DIY remains their North Star, with Haas screen-printing the band’s merch from their studio and doing design whenever they can. Most of the members take on freelance gigs building sets for film and TV shows to make their tour schedules work, plotting it out on spreadsheets. Harms reps their Julia’s War labelmates Cashier on his shirt in press photos, as well as Dosser, who they’ve toured with, during the AP shoot. Even their move to Julia’s War wasn’t far off from their first label, Boston’s Candlepin Records — both places that lift up physical media and bands that exist on the fringes.
Gabrielle Ravet
“I got a Walkman for Christmas, and I’ve just been buying people’s tapes,” Haas says. “They’re bulky, but going out for the day and having one or two tapes where you’re limited to listening to something, it really does change your experience… I think of people being in bands as being a cult-classic movie. There are people that love albums — thank God there are — and it’s less, but you got to do it for the niche.”

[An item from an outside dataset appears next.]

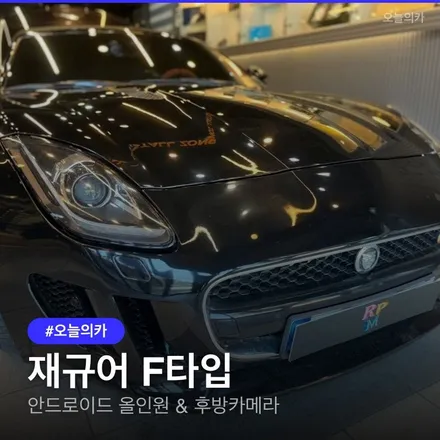 부산 재규어 F타입 올인원 장착, 이것만은 꼭 알아두세요 / 구로동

“You align yourself with communities where people do listen to records,” Harms adds. “That’s a huge reason why when we were figuring out where to put this out and Doug approached us, we were like, ‘This community feels right for releasing this music.’ It’s actually going to get the attention it deserves and be listened to and considered. It goes back to playing in Kansas for 40 people and having somebody say they drove two hours to come see the show because they love SPIT. That is worth more than being on a New Music Friday playlist and getting 40,000 plays in a day from people who are just putting it on shuffle.”